# Picking balls blindfolded without replacement

Assume we have $n$ red and $n$ green balls in a box. What is the probability that blindfolded, you will pick a red ball on the third pick, if you learn that at least one red ball was picked on the first two picks, assuming the first two balls were not replaced?

My thoughts:

Using Bayes theorem, it is easy to show that if we consecutively pick balls blindfolded without replacement, the probability that the $i$th pick is say, red, is $\dfrac 12 \; (\star)$ for any $i.$ (seems counter-intuitive in the first place!).

Then, let $A$ be the event of picking red in the third pick and $B$ be the event of picking at least one red in the first and second picks. What we want is $P(A|B)$ which by Bayes is $\dfrac{P(B|A)P(A)}{P(B)}.$ Using $(\star),\; P(A) = 1/2.$ Also $P(B)=\dfrac 12 + \dfrac 12 - \dfrac 14=\dfrac 34.$

For $P(B|A),$ I think, it's easier to compute $P(B^c|A)$ where $B^c$ is the complement of $B$ i.e. the event that the first and second picks are green. If I define $D$ to be the event that the first pick is green and $E$ the second pick is green, then I have found no reason to believe that $D|A$ and $E|A$ are independent and so $P(B^c|A) \neq P(D|A) P(E|A).$ This is where I got stuck!

• I gave a different way to understand this kind of problem, on a similar question at math.stackexchange.com/q/1043245/21820. – user21820 Dec 9 '14 at 7:09
• So if you don't mind using that method to this problem it becomes very easy. =) – user21820 Dec 9 '14 at 7:12
• Dear @user21820, thank you, that totally works. It is indeed elegant. Though, using Bayes is a mystery to me now. – Ehsan M. Kermani Dec 9 '14 at 7:30
• I don't recommend using Bayes' rule unless the problem itself invites such considerations. In general always remember that probability can be defined as $#(solutions)/#(possibilities)$ and sometimes all the symmetries will immediately become apparent. For another example try finding for a shuffled standard deck the expected number of consecutive pairs of cards of the same suit, where overlapping pairs are counted as separate pairs. – user21820 Dec 9 '14 at 8:09
• @user21820, That's easy using the indicator random variables for suited consecutive pairs and linearity of expectation. If we don't count (king, ace) as a pair, we'll have $48$ suited pairs and each expectation equals $\frac{2!51!}{52!},$ so the expected number is $48 \frac{2!51!}{52!}= \frac{48}{26} \simeq 1.84$ – Ehsan M. Kermani Dec 9 '14 at 9:06

The blindfolded is just supposed to be the same as a random selection. What is the chance the first two picks were red? Without the information that there was at least one red ball in the first two picks, it is $\frac 12 \cdot \frac {n-1}{2n-1}$. The chance of one of each is $\frac n{2n-1}$, again without knowing that there was at least one red in the first two. We need to scale these up based on the new information, so the chance of two red is $\frac 12 \cdot \frac {n-1}{2n-1}\cdot \frac{4n-2}{3n-1}$. Similarly the chance the first two picks are opposite is $\frac n{2n-1}\cdot \frac{4n-2}{3n-1}.$ After the first two picks, either there are $n-1$ of each color and the chance the third is red is $\frac 12$, or there are $n-2$ red ones and $n$ green ones and the chance of the third is red is $\frac {n-2}{2n}$

There is another way to apply Bayes's Theorem. Recall that $P(B|A)P(A) = P(B \cap A).$ Therefore $$P(A \mid B) = \frac{P(B \cap A)}{P(B)}.$$

The method suggested by this answer to a similar question (cited in a comment on your question), applied to your question, would be to count permutations of the balls in which at least one of the first two is red and the third is red, and divide by the number of permutations in which at least one of the first two is red.
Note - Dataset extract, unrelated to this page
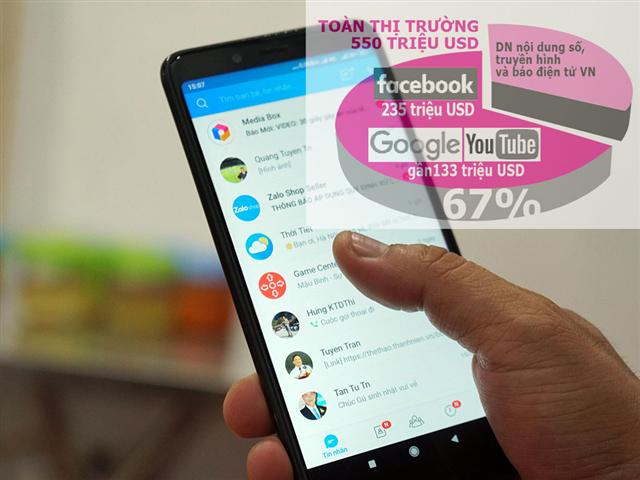 Cơ hội nào cho mạng xã hội Việt?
To use Bayes's Theorem, you might let $A$ be the event that the third ball is red, and $B$ be the event that at least one of the first two balls is red. Then the statement of Bayes's Theorem above starts to look a lot like the permutation-counting approach, except that it has (for example) $P(B)$ in place of "number of permutations that satisfy $B$."

In fact, one way to compute $P(B)$ would be simply to find the number of permutations that satisfy $B$ and divide by the total number of permutations. If we apply the same method to compute $P(B \cap A)$, then in $\frac{P(B \cap A)}{P(B)}$ we can multiply both the numerator and denominator by the total number of permutations, and find that

$$P(A \mid B) = \frac{\mbox{number of permutations with initial RRR, RGR, or GRR}} {\mbox{number of permutations with initial RR, RG, or GR}}$$

which is the same as the permutation-counting method.